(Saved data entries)

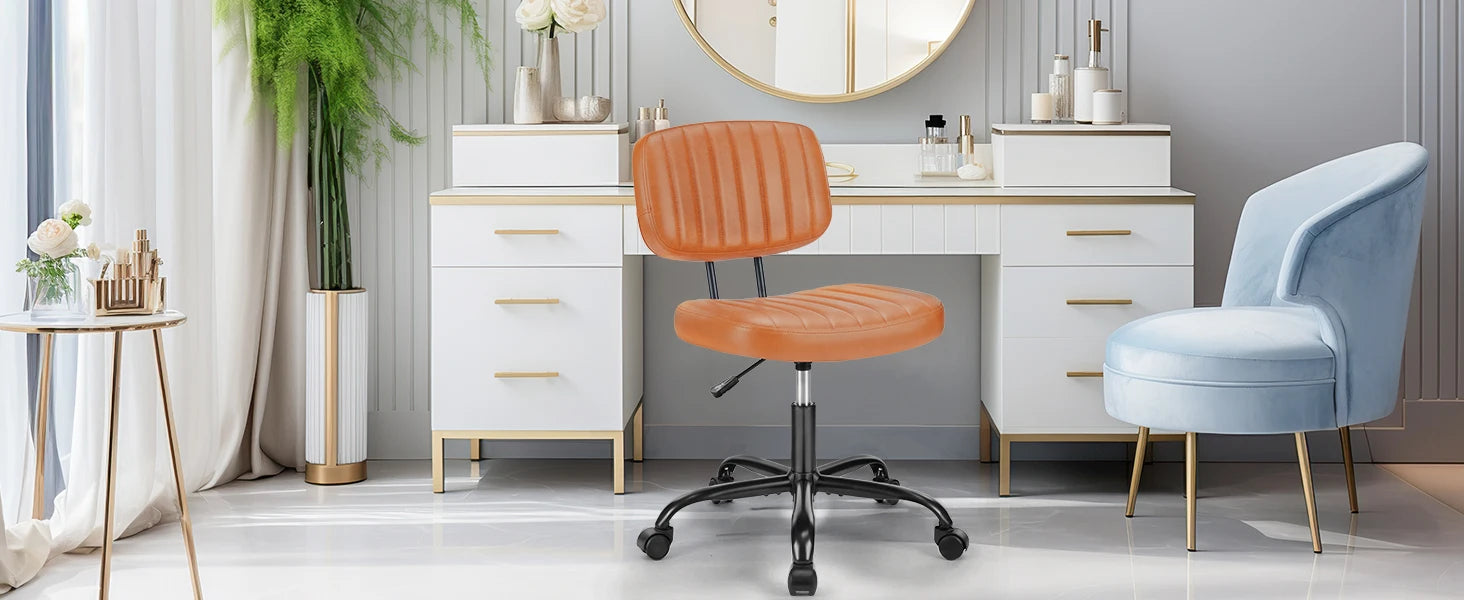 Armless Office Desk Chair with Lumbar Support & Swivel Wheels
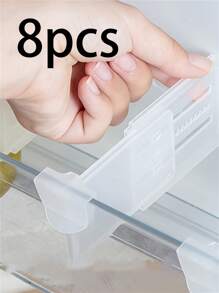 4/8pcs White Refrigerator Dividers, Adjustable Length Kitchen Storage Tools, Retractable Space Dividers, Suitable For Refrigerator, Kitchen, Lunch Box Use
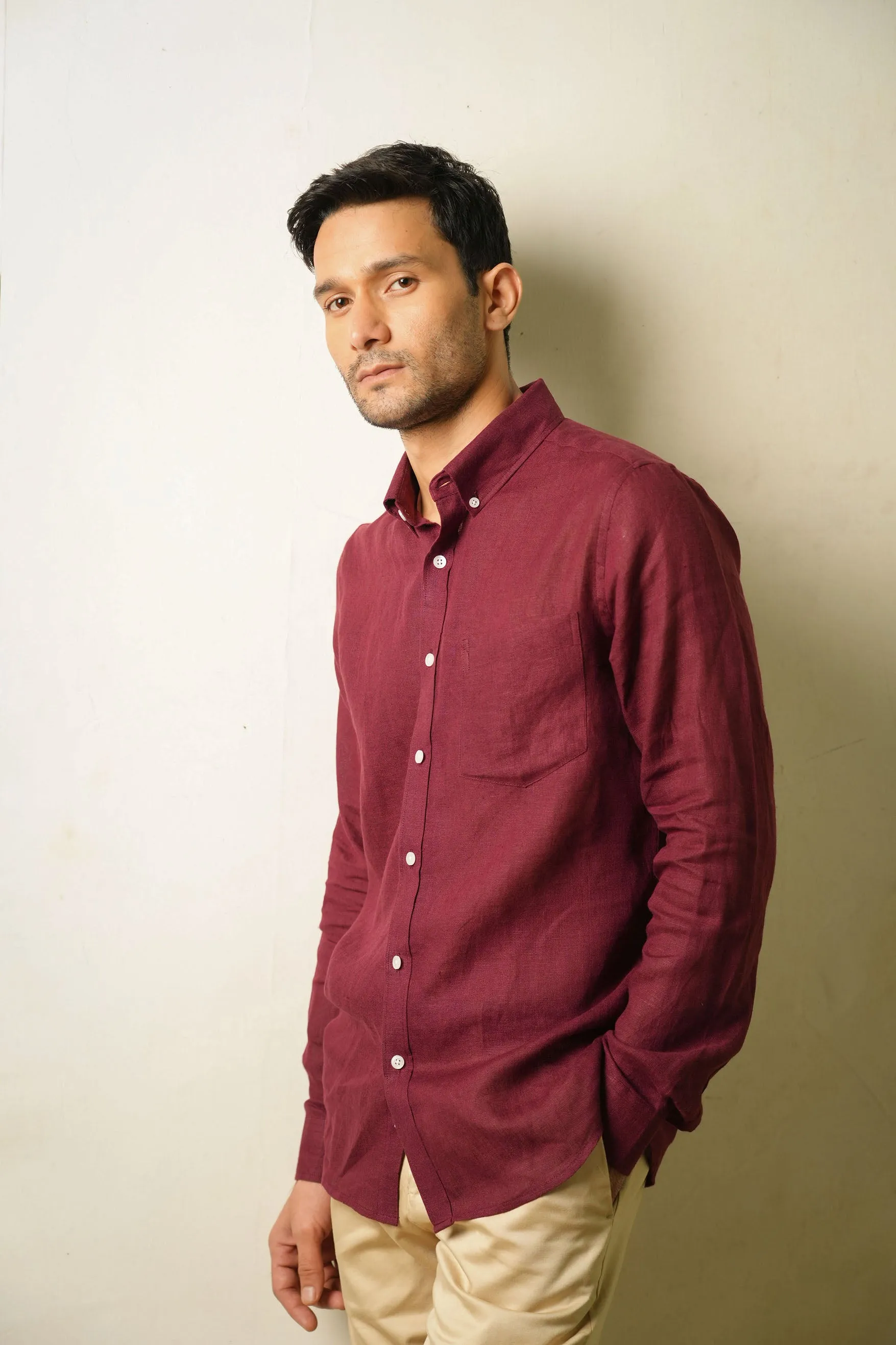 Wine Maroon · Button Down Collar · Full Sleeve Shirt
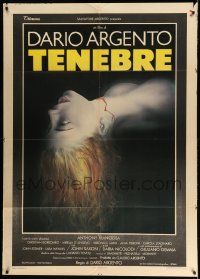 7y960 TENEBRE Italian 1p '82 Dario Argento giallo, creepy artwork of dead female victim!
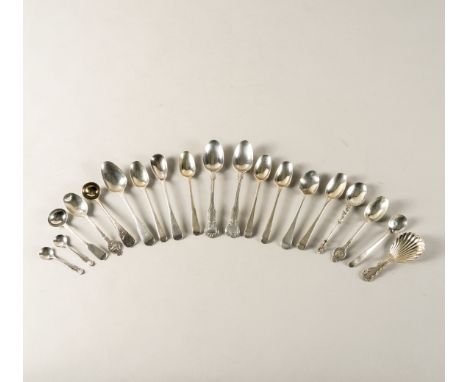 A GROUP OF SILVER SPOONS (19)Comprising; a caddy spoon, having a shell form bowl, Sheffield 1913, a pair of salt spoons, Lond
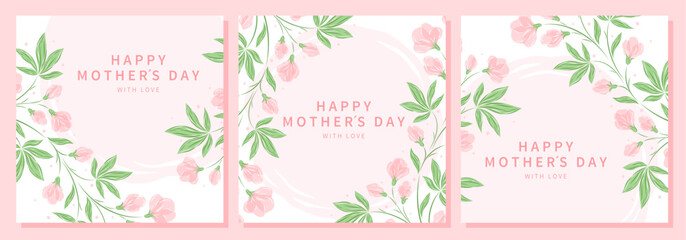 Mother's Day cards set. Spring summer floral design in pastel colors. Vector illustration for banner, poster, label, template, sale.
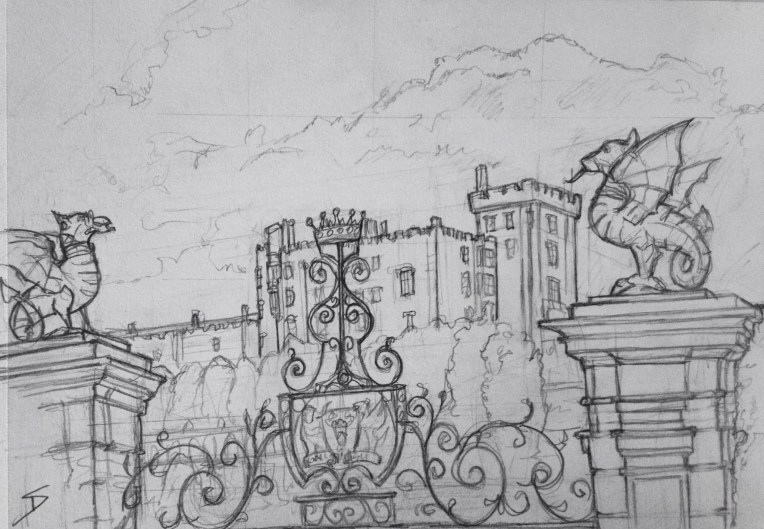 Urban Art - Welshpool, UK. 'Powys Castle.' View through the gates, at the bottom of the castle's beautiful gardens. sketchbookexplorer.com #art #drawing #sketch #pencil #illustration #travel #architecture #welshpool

Instructions for the task:
Omit the pictures and retype exactly the lines from the one containing "7y960 TENEBRE Italian" through the end of the entries above.

Solved problem:
 7y960 TENEBRE Italian 1p '82 Dario Argento giallo, creepy artwork of dead female victim!
 A GROUP OF SILVER SPOONS (19)Comprising; a caddy spoon, having a shell form bowl, Sheffield 1913, a pair of salt spoons, Lond
 Mother's Day cards set. Spring summer floral design in pastel colors. Vector illustration for banner, poster, label, template, sale.
 Urban Art - Welshpool, UK. 'Powys Castle.' View through the gates, at the bottom of the castle's beautiful gardens. sketchbookexplorer.com #art #drawing #sketch #pencil #illustration #travel #architecture #welshpool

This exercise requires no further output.